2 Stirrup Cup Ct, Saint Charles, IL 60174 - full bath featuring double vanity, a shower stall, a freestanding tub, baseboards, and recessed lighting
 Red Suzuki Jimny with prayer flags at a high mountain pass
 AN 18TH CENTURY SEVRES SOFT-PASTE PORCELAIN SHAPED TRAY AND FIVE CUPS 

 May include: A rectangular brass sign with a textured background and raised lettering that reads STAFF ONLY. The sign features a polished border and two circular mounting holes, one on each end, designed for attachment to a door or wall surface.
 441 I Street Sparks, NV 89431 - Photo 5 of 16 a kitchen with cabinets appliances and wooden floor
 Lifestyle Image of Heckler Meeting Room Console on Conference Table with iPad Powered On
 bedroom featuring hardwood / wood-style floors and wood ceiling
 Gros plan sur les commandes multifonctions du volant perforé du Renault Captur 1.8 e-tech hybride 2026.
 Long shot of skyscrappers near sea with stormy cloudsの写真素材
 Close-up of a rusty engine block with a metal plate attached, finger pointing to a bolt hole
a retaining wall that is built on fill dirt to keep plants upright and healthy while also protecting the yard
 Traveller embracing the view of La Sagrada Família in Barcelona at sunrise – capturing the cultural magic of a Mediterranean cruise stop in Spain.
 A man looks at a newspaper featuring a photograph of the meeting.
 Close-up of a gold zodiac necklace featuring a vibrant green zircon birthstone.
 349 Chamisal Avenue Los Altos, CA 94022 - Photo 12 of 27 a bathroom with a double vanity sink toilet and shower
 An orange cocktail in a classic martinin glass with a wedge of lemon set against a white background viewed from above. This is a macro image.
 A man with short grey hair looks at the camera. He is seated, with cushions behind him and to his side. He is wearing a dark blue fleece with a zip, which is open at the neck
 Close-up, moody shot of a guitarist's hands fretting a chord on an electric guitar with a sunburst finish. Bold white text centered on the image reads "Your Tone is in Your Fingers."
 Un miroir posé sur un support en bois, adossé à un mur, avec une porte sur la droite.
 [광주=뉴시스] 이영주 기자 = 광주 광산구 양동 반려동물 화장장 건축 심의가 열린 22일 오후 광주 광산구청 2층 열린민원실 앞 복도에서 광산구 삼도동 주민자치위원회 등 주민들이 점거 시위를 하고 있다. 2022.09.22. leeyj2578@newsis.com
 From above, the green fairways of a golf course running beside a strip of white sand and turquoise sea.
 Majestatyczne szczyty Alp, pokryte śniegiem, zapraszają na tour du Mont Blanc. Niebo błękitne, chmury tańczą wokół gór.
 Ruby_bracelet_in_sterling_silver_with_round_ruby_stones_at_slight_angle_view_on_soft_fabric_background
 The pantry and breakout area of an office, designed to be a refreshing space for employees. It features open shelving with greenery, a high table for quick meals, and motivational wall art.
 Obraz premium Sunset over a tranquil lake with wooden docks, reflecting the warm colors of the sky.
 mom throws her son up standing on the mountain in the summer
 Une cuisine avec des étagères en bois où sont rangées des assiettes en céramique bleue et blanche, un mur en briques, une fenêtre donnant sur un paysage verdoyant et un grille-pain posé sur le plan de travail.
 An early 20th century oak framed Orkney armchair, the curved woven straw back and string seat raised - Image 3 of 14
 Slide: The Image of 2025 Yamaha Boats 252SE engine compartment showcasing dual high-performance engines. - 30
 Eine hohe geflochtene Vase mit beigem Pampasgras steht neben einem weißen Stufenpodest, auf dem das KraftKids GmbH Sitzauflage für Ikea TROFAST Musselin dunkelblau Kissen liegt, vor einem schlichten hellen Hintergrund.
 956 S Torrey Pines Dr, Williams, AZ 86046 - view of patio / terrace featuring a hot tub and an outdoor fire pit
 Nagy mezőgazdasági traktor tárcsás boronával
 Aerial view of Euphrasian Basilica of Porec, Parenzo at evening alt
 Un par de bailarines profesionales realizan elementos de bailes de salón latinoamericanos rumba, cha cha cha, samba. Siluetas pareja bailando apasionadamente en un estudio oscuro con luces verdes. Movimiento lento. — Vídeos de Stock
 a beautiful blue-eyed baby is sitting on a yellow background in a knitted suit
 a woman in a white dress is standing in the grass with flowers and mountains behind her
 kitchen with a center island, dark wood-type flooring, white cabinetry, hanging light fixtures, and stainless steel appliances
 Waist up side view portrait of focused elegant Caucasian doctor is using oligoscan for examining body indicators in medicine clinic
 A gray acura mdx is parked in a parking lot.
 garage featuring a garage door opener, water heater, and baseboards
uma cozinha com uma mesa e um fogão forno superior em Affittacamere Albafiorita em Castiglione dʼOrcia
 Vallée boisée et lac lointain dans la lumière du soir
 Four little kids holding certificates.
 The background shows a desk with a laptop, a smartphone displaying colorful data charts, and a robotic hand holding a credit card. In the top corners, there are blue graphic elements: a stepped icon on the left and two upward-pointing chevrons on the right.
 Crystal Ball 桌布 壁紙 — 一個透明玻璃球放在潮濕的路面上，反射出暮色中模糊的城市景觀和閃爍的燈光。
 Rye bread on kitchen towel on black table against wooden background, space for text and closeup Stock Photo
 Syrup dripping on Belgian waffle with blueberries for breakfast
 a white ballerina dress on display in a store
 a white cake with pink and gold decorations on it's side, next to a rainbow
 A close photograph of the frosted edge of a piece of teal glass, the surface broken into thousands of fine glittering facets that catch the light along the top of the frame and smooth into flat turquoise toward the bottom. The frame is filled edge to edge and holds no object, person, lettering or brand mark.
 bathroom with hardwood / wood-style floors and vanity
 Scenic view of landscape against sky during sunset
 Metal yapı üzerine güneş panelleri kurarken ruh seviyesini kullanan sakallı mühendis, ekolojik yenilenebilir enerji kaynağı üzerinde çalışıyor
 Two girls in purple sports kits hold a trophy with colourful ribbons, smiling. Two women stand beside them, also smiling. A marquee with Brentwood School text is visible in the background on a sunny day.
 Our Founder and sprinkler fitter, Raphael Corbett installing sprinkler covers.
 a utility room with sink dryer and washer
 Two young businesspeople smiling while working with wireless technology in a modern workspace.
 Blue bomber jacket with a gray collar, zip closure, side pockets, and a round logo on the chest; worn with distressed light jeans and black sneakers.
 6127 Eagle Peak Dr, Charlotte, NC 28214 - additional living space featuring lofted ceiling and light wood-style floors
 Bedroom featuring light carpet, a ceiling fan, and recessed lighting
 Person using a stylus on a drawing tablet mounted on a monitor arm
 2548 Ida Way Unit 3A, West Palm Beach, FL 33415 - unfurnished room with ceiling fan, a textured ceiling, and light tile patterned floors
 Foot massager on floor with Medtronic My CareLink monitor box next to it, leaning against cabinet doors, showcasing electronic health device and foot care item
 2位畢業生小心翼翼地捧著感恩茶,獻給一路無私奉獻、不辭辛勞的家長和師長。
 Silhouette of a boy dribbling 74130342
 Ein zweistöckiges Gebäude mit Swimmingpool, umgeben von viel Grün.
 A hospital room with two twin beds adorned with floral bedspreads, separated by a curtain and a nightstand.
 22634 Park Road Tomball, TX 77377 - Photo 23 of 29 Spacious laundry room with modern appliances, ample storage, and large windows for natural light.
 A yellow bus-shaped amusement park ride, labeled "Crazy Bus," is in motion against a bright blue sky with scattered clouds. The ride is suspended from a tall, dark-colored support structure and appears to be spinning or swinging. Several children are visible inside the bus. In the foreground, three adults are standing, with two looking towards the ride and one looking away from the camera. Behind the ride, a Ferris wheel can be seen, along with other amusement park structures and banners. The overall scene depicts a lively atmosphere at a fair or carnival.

---*---

◆ EXERCISE OBJECTIVE
Reply with the complete data above, every character as it stands.

◆ TASK RESPONSE
2 Stirrup Cup Ct, Saint Charles, IL 60174 - full bath featuring double vanity, a shower stall, a freestanding tub, baseboards, and recessed lighting
 Red Suzuki Jimny with prayer flags at a high mountain pass
 AN 18TH CENTURY SEVRES SOFT-PASTE PORCELAIN SHAPED TRAY AND FIVE CUPS 

 May include: A rectangular brass sign with a textured background and raised lettering that reads STAFF ONLY. The sign features a polished border and two circular mounting holes, one on each end, designed for attachment to a door or wall surface.
 441 I Street Sparks, NV 89431 - Photo 5 of 16 a kitchen with cabinets appliances and wooden floor
 Lifestyle Image of Heckler Meeting Room Console on Conference Table with iPad Powered On
 bedroom featuring hardwood / wood-style floors and wood ceiling
 Gros plan sur les commandes multifonctions du volant perforé du Renault Captur 1.8 e-tech hybride 2026.
 Long shot of skyscrappers near sea with stormy cloudsの写真素材
 Close-up of a rusty engine block with a metal plate attached, finger pointing to a bolt hole
a retaining wall that is built on fill dirt to keep plants upright and healthy while also protecting the yard
 Traveller embracing the view of La Sagrada Família in Barcelona at sunrise – capturing the cultural magic of a Mediterranean cruise stop in Spain.
 A man looks at a newspaper featuring a photograph of the meeting.
 Close-up of a gold zodiac necklace featuring a vibrant green zircon birthstone.
 349 Chamisal Avenue Los Altos, CA 94022 - Photo 12 of 27 a bathroom with a double vanity sink toilet and shower
 An orange cocktail in a classic martinin glass with a wedge of lemon set against a white background viewed from above. This is a macro image.
 A man with short grey hair looks at the camera. He is seated, with cushions behind him and to his side. He is wearing a dark blue fleece with a zip, which is open at the neck
 Close-up, moody shot of a guitarist's hands fretting a chord on an electric guitar with a sunburst finish. Bold white text centered on the image reads "Your Tone is in Your Fingers."
 Un miroir posé sur un support en bois, adossé à un mur, avec une porte sur la droite.
 [광주=뉴시스] 이영주 기자 = 광주 광산구 양동 반려동물 화장장 건축 심의가 열린 22일 오후 광주 광산구청 2층 열린민원실 앞 복도에서 광산구 삼도동 주민자치위원회 등 주민들이 점거 시위를 하고 있다. 2022.09.22. leeyj2578@newsis.com
 From above, the green fairways of a golf course running beside a strip of white sand and turquoise sea.
 Majestatyczne szczyty Alp, pokryte śniegiem, zapraszają na tour du Mont Blanc. Niebo błękitne, chmury tańczą wokół gór.
 Ruby_bracelet_in_sterling_silver_with_round_ruby_stones_at_slight_angle_view_on_soft_fabric_background
 The pantry and breakout area of an office, designed to be a refreshing space for employees. It features open shelving with greenery, a high table for quick meals, and motivational wall art.
 Obraz premium Sunset over a tranquil lake with wooden docks, reflecting the warm colors of the sky.
 mom throws her son up standing on the mountain in the summer
 Une cuisine avec des étagères en bois où sont rangées des assiettes en céramique bleue et blanche, un mur en briques, une fenêtre donnant sur un paysage verdoyant et un grille-pain posé sur le plan de travail.
 An early 20th century oak framed Orkney armchair, the curved woven straw back and string seat raised - Image 3 of 14
 Slide: The Image of 2025 Yamaha Boats 252SE engine compartment showcasing dual high-performance engines. - 30
 Eine hohe geflochtene Vase mit beigem Pampasgras steht neben einem weißen Stufenpodest, auf dem das KraftKids GmbH Sitzauflage für Ikea TROFAST Musselin dunkelblau Kissen liegt, vor einem schlichten hellen Hintergrund.
 956 S Torrey Pines Dr, Williams, AZ 86046 - view of patio / terrace featuring a hot tub and an outdoor fire pit
 Nagy mezőgazdasági traktor tárcsás boronával
 Aerial view of Euphrasian Basilica of Porec, Parenzo at evening alt
 Un par de bailarines profesionales realizan elementos de bailes de salón latinoamericanos rumba, cha cha cha, samba. Siluetas pareja bailando apasionadamente en un estudio oscuro con luces verdes. Movimiento lento. — Vídeos de Stock
 a beautiful blue-eyed baby is sitting on a yellow background in a knitted suit
 a woman in a white dress is standing in the grass with flowers and mountains behind her
 kitchen with a center island, dark wood-type flooring, white cabinetry, hanging light fixtures, and stainless steel appliances
 Waist up side view portrait of focused elegant Caucasian doctor is using oligoscan for examining body indicators in medicine clinic
 A gray acura mdx is parked in a parking lot.
 garage featuring a garage door opener, water heater, and baseboards
uma cozinha com uma mesa e um fogão forno superior em Affittacamere Albafiorita em Castiglione dʼOrcia
 Vallée boisée et lac lointain dans la lumière du soir
 Four little kids holding certificates.
 The background shows a desk with a laptop, a smartphone displaying colorful data charts, and a robotic hand holding a credit card. In the top corners, there are blue graphic elements: a stepped icon on the left and two upward-pointing chevrons on the right.
 Crystal Ball 桌布 壁紙 — 一個透明玻璃球放在潮濕的路面上，反射出暮色中模糊的城市景觀和閃爍的燈光。
 Rye bread on kitchen towel on black table against wooden background, space for text and closeup Stock Photo
 Syrup dripping on Belgian waffle with blueberries for breakfast
 a white ballerina dress on display in a store
 a white cake with pink and gold decorations on it's side, next to a rainbow
 A close photograph of the frosted edge of a piece of teal glass, the surface broken into thousands of fine glittering facets that catch the light along the top of the frame and smooth into flat turquoise toward the bottom. The frame is filled edge to edge and holds no object, person, lettering or brand mark.
 bathroom with hardwood / wood-style floors and vanity
 Scenic view of landscape against sky during sunset
 Metal yapı üzerine güneş panelleri kurarken ruh seviyesini kullanan sakallı mühendis, ekolojik yenilenebilir enerji kaynağı üzerinde çalışıyor
 Two girls in purple sports kits hold a trophy with colourful ribbons, smiling. Two women stand beside them, also smiling. A marquee with Brentwood School text is visible in the background on a sunny day.
 Our Founder and sprinkler fitter, Raphael Corbett installing sprinkler covers.
 a utility room with sink dryer and washer
 Two young businesspeople smiling while working with wireless technology in a modern workspace.
 Blue bomber jacket with a gray collar, zip closure, side pockets, and a round logo on the chest; worn with distressed light jeans and black sneakers.
 6127 Eagle Peak Dr, Charlotte, NC 28214 - additional living space featuring lofted ceiling and light wood-style floors
 Bedroom featuring light carpet, a ceiling fan, and recessed lighting
 Person using a stylus on a drawing tablet mounted on a monitor arm
 2548 Ida Way Unit 3A, West Palm Beach, FL 33415 - unfurnished room with ceiling fan, a textured ceiling, and light tile patterned floors
 Foot massager on floor with Medtronic My CareLink monitor box next to it, leaning against cabinet doors, showcasing electronic health device and foot care item
 2位畢業生小心翼翼地捧著感恩茶,獻給一路無私奉獻、不辭辛勞的家長和師長。
 Silhouette of a boy dribbling 74130342
 Ein zweistöckiges Gebäude mit Swimmingpool, umgeben von viel Grün.
 A hospital room with two twin beds adorned with floral bedspreads, separated by a curtain and a nightstand.
 22634 Park Road Tomball, TX 77377 - Photo 23 of 29 Spacious laundry room with modern appliances, ample storage, and large windows for natural light.
 A yellow bus-shaped amusement park ride, labeled "Crazy Bus," is in motion against a bright blue sky with scattered clouds. The ride is suspended from a tall, dark-colored support structure and appears to be spinning or swinging. Several children are visible inside the bus. In the foreground, three adults are standing, with two looking towards the ride and one looking away from the camera. Behind the ride, a Ferris wheel can be seen, along with other amusement park structures and banners. The overall scene depicts a lively atmosphere at a fair or carnival.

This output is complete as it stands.